Friday, May 10, 2024

Bob Temuka's top five moments of remaindered comics bliss #1: The best of times with the Beard Hunter







The shift to the direct market and away from the newsstand might have saved the entire American comics industry in the 1980s, but I was living on the arse end of the world and absolutely nowhere near a comic store, so all that wonderful content were nowhere to be seen.

So when I was 16 and dying for more sophisticated suspense in my life, I could never see any of it. Watchmen was a weird reference about sugar cubes in the Johnny DC column, and when all the writers I had followed in 2000ad for years were making a splash in the US, I never got to see any of their comics. No Doom Patrol, no Shade the Changing Man, none of it.

And then I walked in to the bookstore at the Christchurch Airport, and there were examples of all of those things, and so much more, for $2 each.   

This was very early 1992, and it was the last time I ever saw a pile of remaindered comics, and it was the best of them all, because that was where I got my first ever issue of Sandman, and my first ever Doom Patrol.

They weren't easy comics to come to in such a cold way, the Sandman issue was the last chapter in the Season of Mists, so I had no idea what was going on, and the Doom Patrol was the issue with the Beard Hunter, and that was just a trip. But the craft was there, and they were funny and intersting in a way that usual superheroes really weren't.

And those comics were just a small part of a fascinating pile. There was also a bunch of the Armageddon 2001 annuals, and plenty of Superman comics from the exact period they started putting the little triangle numbers on the cover.

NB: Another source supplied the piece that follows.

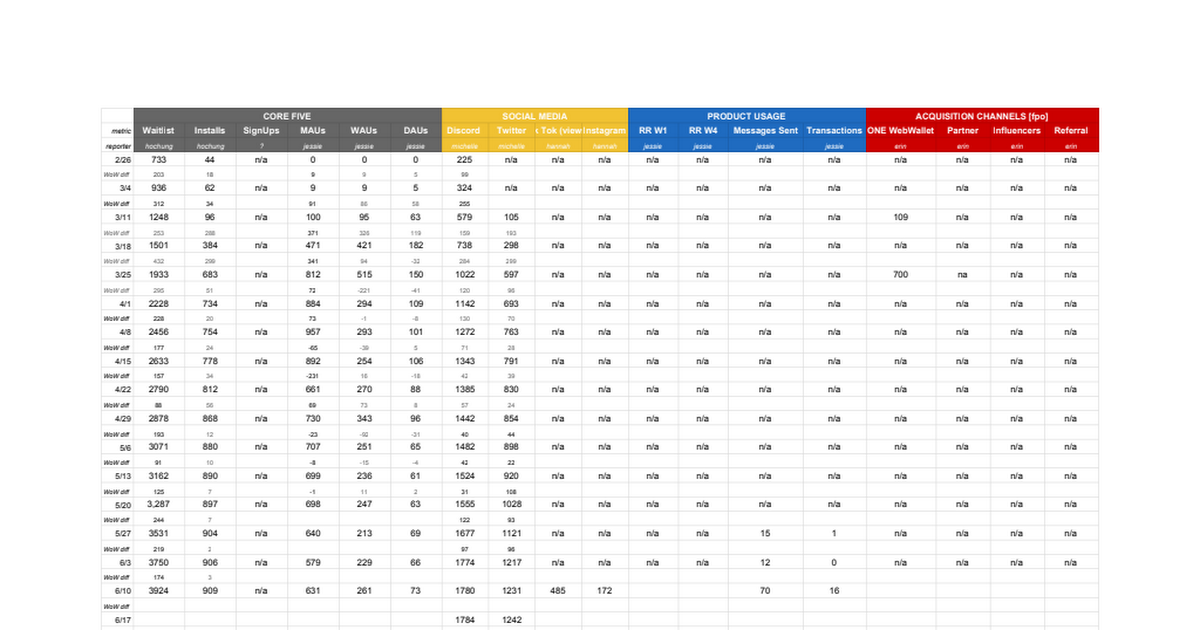 1Wallet GTM - Marketing Tracker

I got the second issue of Twilight by Chaykin and Gacia-Lopez, and that was absolutely incomprehensible without the other two parts (it took me years to realise who all the characters actually were and their place in DC history).

This was more than 30 years ago now, and I still literally dream of finding a pile of comics that good again. That haul set me on a new course in the medium, one that I was more than happy to follow. It was the right comics, at the right time, and the greatest moment of remaindered comics bliss I've ever known.